▶ **Exercise brief**
The required answer is the data below, restated word for word with images omitted.

▶ **Source material**
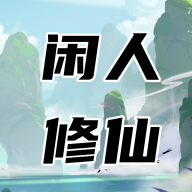 闲人修仙 icon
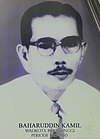 Baharuddin Kamil, Mayor of Bukittinggi, 1959—1960.jpg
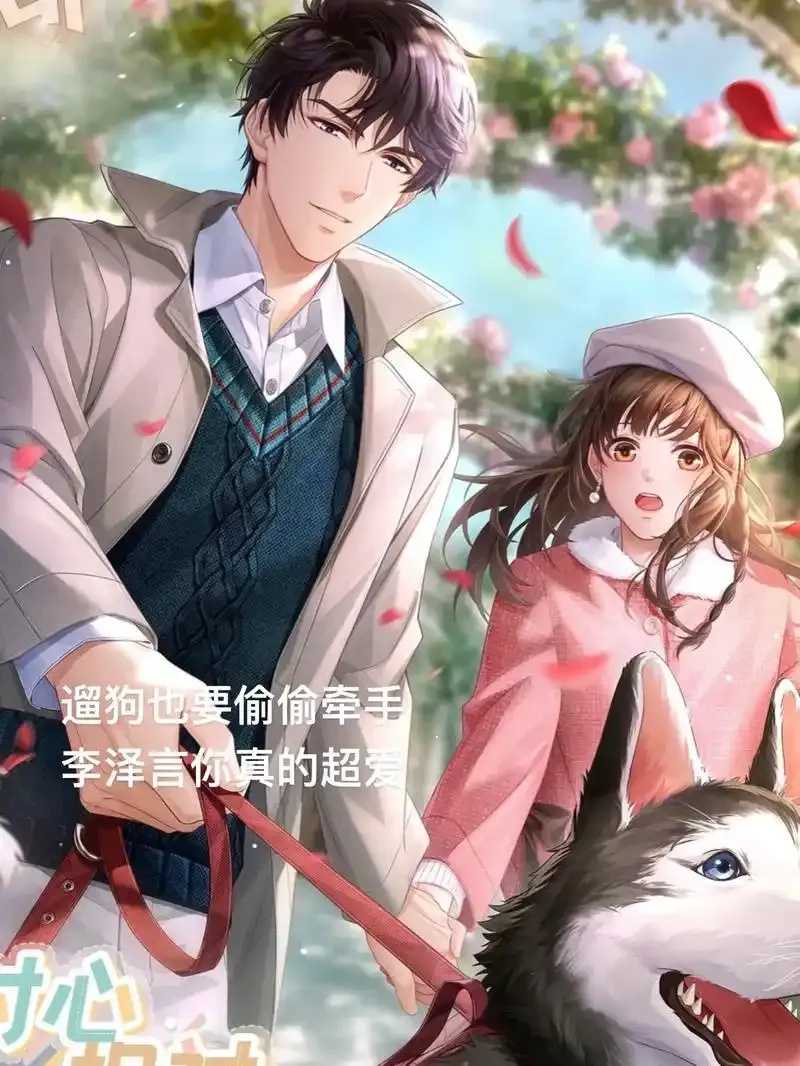 恋与制作人破解版真伪调查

▶ **Result of this task**
 闲人修仙 icon
 Baharuddin Kamil, Mayor of Bukittinggi, 1959—1960.jpg
 恋与制作人破解版真伪调查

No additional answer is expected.